Quand nous approchons de Sariñena, nous sommes intrigués par la présence de vautours, ils sont des dizaines, certains postés sur la falaise qui nous surplombent, d’autre accrochés aux thermiques dans le ciel… Trop nombreux pour être honnête. Ils attendent leur tour en fait. On ne voit pas ce qui se passe de l’autre côté du bâtiment de l’élevage de porc en contrebas, mais la curée est facile à deviner. Ils sont au travail et doivent nettoyer la carcasse d’un ou plusieurs porcs morts. Un dernier jardinage plus loin, encore un chemin avalé par un champ, de maïs cette fois, et nous voilà au village. Posé en terrasse, nous nous régalons d’une (puis deux puis trois) bière terriblement fraîche servie dans un verre glacé qui fait oublier un peu la morsure du soleil sur les bras. Nous avons la bonne idée de rester à cette table pour dîner. Patatas bravas, saucisse, poulpe à la gallega et tartare de Ternero, tout est parfait. Bien mieux en tout cas qu’un bout de saucisson au milieu de nulle part. Nous repartons avant la tombée de la nuit pour nous installer par défaut dans semblant de square, en surplomb de la lagune du coin pourvoyeuses de moustiques féroces. Et quand le séchoir à luzerne se met en veilleuse de l’autre côté de la route, nous ne tardons pas à nous endormir. 


Au matin du troisième jour, c’est déjà la fin, nous essayons de ne pas trop traîner pour ne pas rentrer trop tard, nous visons midi à la voiture. Déjà les paysages filent, à droite, à gauche, des champs de luzerne irrigués. Plus loin de grands élevages de porcs. Nous raccourcisssons la trace, entrons dans des paysages qui ne dépareilleraient pas en Arizona, doublons le site du festival des Monegros en cours de montage, là encore au milieu de nulle part.
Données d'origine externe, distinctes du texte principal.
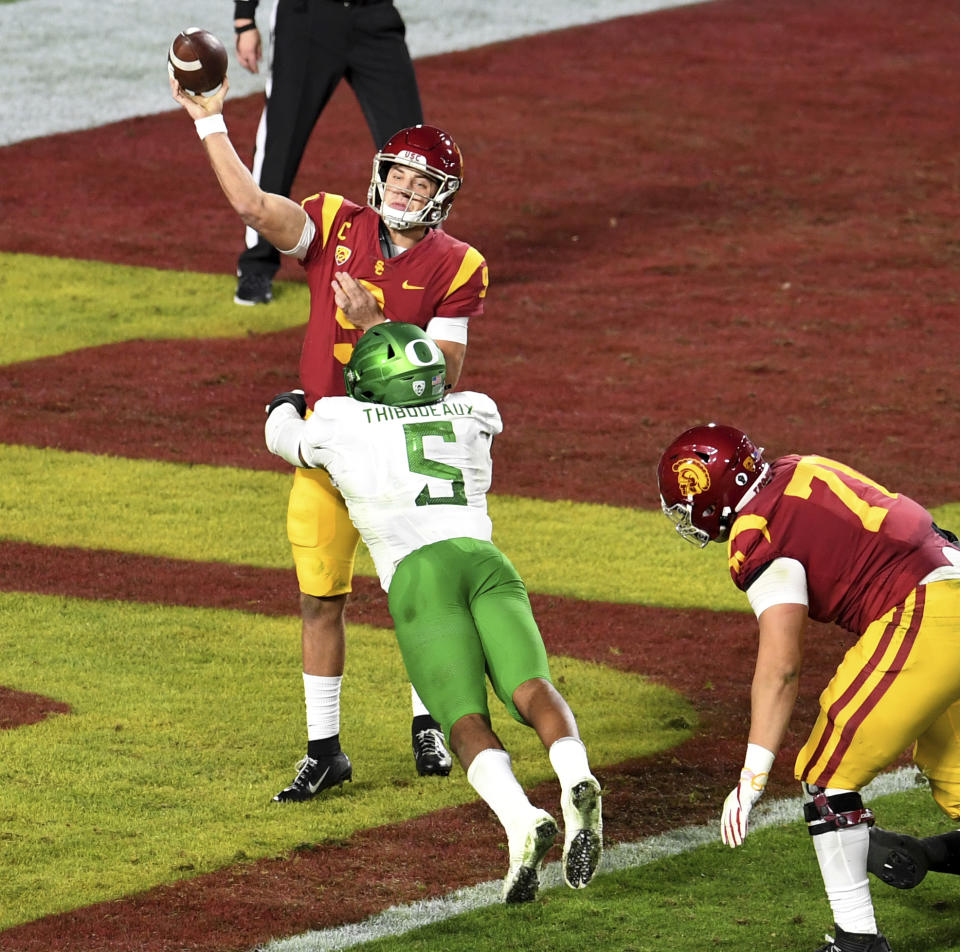 Oregon defensive end Kayvon Thibodeaux, 5, pressures USC quarterback Kedon Slovis in the first half of an NCAA college football game at the Los Angeles Memorial Coliseum in Los Angeles on Friday, Dec. 18, 2020. (Keith Birmingham/The Orange County Register via AP)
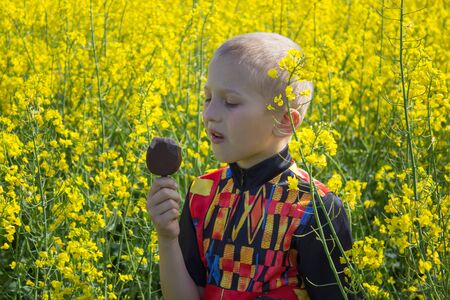 boy with ice cream in rapeseed,boy looks at ice cream in rapeseed field in summer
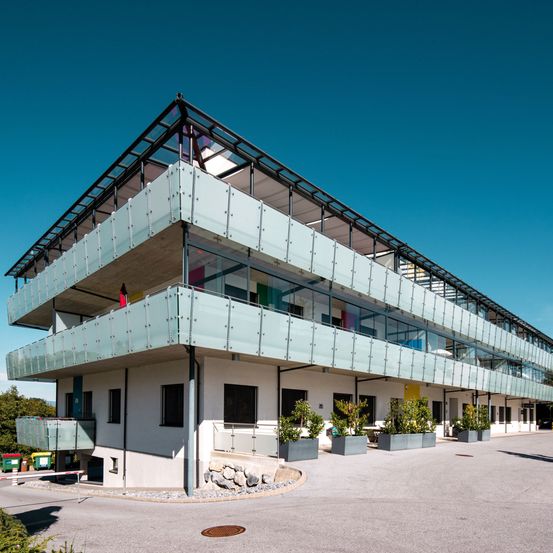 Modernes Apartmentgebäude mit Glasbalkonen und Dachterrasse. Große Fenster und Pflanzen zieren das Äußere. Bäume und ein klarer blauer Himmel im Hintergrund.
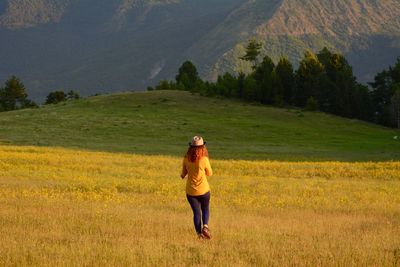 Full length of woman standing on field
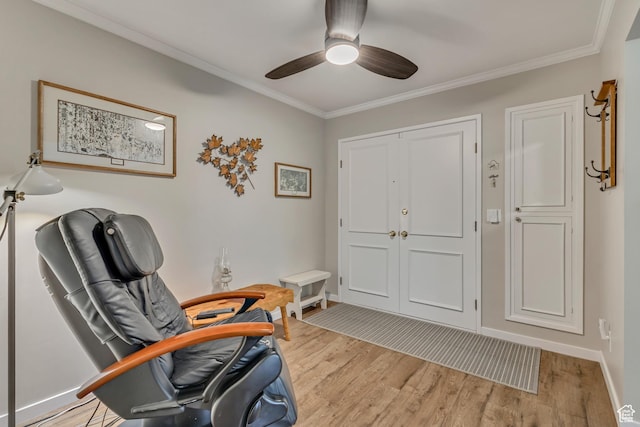 entryway with light wood-style flooring, a ceiling fan, ornamental molding, and baseboards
On n’ose imaginer la chaleur, ou le bordel s’il vient à pleuvoir sur ces hectares rectifiés au scrapper et comme damés. Ici les « mesas » se font plus vertigineuses, la piste s’élève doucement, comme si elle nous prenait par la main pour nous conduire en un pays secret, se faufile. Philippe nous explique que finalement, l’Arizona et le grand Canyon c’est un peu surfait. Nous nous arrêtons le temps de quelques photos, croisons un tracteur, puis filons de nouveau, changeons de route, dévalons de l’autre côté de la montagne après avoir aperçu de nouveau la grande dépression de l’Ebre, au sud, là où nous retrouverons la voiture, tout à l’heure. La piste se fait bucolique, charmante, comme si elle cherchait à nous retenir, à nous dissuader de mettre un terme à notre petit voyage. Tel Ulysse, nous n’écoutons pas les sirènes, atteignant Castejón de Monegros, y cherchant de l’eau sans en trouver, puis La Almolda. On est à la mi journée. L’heure est au retour.